The question with him was what to do. His business was not very prosperous, because he had not capital enough. Then, too, he was in debt to Jenvie. He wanted the lion’s share of that money, and, more than ever, he wanted Jack to marry Grace.
Then what did Jack mean by bringing a prize-fighter home with him? He was worried. Finally he determined to consult with Jenvie, his partner. He knew he did not like Jack, and he had, moreover, received hints from him that he was getting along well in making a match between Rose and a rich broker named Arthur Stetson, who had met her and been carried away by her beauty.
So, calling Jenvie into their most private office, Hamlin bolted the door to prevent interruption, read him the letter received from Devonshire, and told him of the astounding discovery he had made at the —— bank.
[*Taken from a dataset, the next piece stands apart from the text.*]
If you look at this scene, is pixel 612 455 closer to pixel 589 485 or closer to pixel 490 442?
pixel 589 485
The question was, what course to take.
“I believe Rose likes Jack,” said Jenvie. “She grieved exceedingly when he went away, though she hid it so superbly that only her mother knew about it, and she has rejected every suitor since except Stetson, and I fear when the climax comes she will reject him. The chances are, when Jack comes they will rush into each other’s arms. At the same time, I do not want him for a son-in-law. But I would like to get some of the money into the firm, for we need more capital badly.”
They plotted all that day, and next morning decided that on the arrival of Jack they would welcome him; let the matter between him and Rose take its course, but in case of an engagement would prevent an immediate marriage, if possible, and see, in the meantime, what could be done toward working Jack for a part, at least, of his money. With that arrangement decided upon, when a message came from Hamlin’s home that Jack had returned and had gone to the hotel, they were ready, and in company went to greet him and escort him home.
Sedgwick had to be invited also, and that suited them, for they both desired to know what kind of a man he was. Both were satisfied, too, that he had no money, or he would have obtained a credit where Jack had obtained his exchange. When, at the first dinner, Grace had drawn from him that he had been in Texas and had seen cowboys, they both guessed where he had caught the trick which he had put in practice in Devonshire, and, thenceforth, save as a careless friend that careless Jack had picked up, they dropped Sedgwick from their calculations.
How Jack got his money was the greatest mystery; and so a few days after his coming, his father said to him: “Jack, I hope you have come home to stay. Look around and find some business that you think will suit you, and I will buy it for you if it does not take too much money.”
“Thanks, father,” said Jack; “much obliged, but I have a few pounds of my own.”
“How much are miner’s wages in Virginia City?” asked the old man.
“Four dollars a day; about twenty-four pounds a month,” said Jack.